"De uma maneira geral, o povo não fala das razões do seu voto. Mas é óbvio que as pessoas estavam fartas da corrupção, da miséria e de promessas esquecidas pelos governos pós-comunistas e pelos liberais dos anos 1990. Acreditam em Orbán, porque ele tem uma visão", afirma András Lánczi, professor de Filosofia Política.
O gabinete de design moderno, localizado num dos edifícios da Universidade Corvinus de Budapeste, oferece uma vista única sobre o Danúbio. Se, enquanto académico, evita todos os preconceitos, não deixa de ser considerado um dos maiores intelectuais do Fidesz [o partido liberal-conservador do primeiro-ministro Viktor Orbán]. Durante a entrevista, o telefone toca três vezes.
São sempre pedidos de entrevistas de televisões estrangeiras. "É por causa de todo este alarido sobre os media", diz, em tom de desculpa. Mas as críticas de Bruxelas e a emoção provocada por toda a Europa deixam-no impassível. "É simplesmente porque o Ocidente não confia nos novos membros da UE. Aconteceu a mesma coisa quando a Eslováquia e a República Checa estiveram na presidência da UE. Ficaram imediatamente expostas às críticas", afirma András Lánczi.
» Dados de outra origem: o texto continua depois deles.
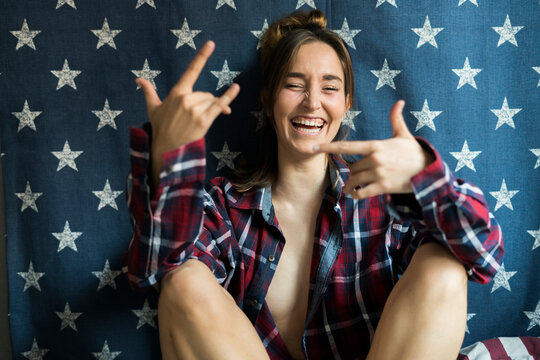 Happy young woman in front of star-shaped background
Rancores que atravessam toda a cena política húngara
Mas então como se explica que os medos e as críticas mais duras venham também de figuras húngaras de primeiro plano? A esta pergunta, Lánczi, um amável cinquentão de aspeto bonacheirão, ergue bruscamente a voz: "Quem são esses críticos? Paul Lendvai, que de Viena de Áustria denunciou gente aos comunistas húngaros? György Konrád, que se apresenta como um velho dissidente, mas que podia viajar livremente nos anos 1980? Miklós Haraszti, que simplesmente odeia Orbán? Viktor Orbán, que, como se pode ver claramente nos documentos de arquivo, foi perseguido pelo regime comunista!".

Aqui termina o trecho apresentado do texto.